Merci Michel pour cette nouvelle analyse comme toujours très négative. De mon côté je préfère “faire que défaire”… Et quand je vois la joie et l’enthousiasme des enfants kenyans qui pour la première fois de leur vie boivent de l’eau claire de O’CLAIRE (https://www.facebook.com/Watercoin-WTR-2144726212408130/ ), je trouve que le crible (ou le tamis) de votre intelligence devrait être plus fin, a minima plus objectif (figurez-vous que l’eau issue des forages est rarement potable…).
Mais trêve de bon sens, si nos intentions dégoulinent, j’aimerai plutôt qu’elles inondent, qu’elles étanchent les soifs et qu’elles rendent radieux encore plus d’enfants sur cette terre.
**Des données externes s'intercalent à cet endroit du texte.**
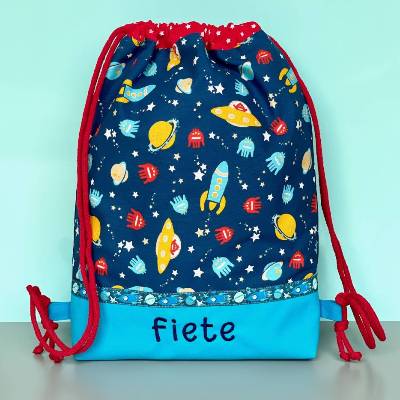 Kinderturnbeutel Weltall - personalisierter Stoffbeutel für Wechselsachen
Cette récompense-là vaut bien un watercoin non?
Bonsoir Thierry,
Merci pour avoir pris le temps de lire mon analyse malgré votre remarque les concernant que vous qualifiez de “toujours négatives”. Une lecture plus régulière du Blog vous aurait sans doute évité ce qualificatif inexact. Sur 30 start-up analysées entre décembre et janvier, 5 de ces start-up ont eu une analyse extrêmement positive. Vous répondez sur la qualité de l’eau issue des forages et je vous remercie d’exprimer votre opinion. Pour ma part je ne faisais que reprendre le commentaire interrogatif d’un wiseeder sans essayer de vouloir y répondre moi-même. Dommage que vous n’ayez pas répondu aux autres interrogations formulées dans le texte en préférant utiliser une vieille technique consistant à essayer de déconsidérer un auteur si ses textes ne vous brossent pas tout le temps dans le sens du poil. Reconnaissez que je pense toujours que vous apportez une caution morale importante à ce projet au regard de votre succès avec Wiseed. D’ailleurs je plaide pour que les ICO soient mieux encadrées juridiquement et qu’elles soient gérées par les plateformes existantes comme Wiseed dans le futur.
Bonjour, ce genre de projet est à fuir comme la peste. J’ai lu le white paper, la répartition de l’argent levé est ridicule, se servir de cette cause pour se faire de l’argent c’est éthiquement terrible. Honte aux fondateurs.
J’espère sincèrement que personne ne se fera avoir.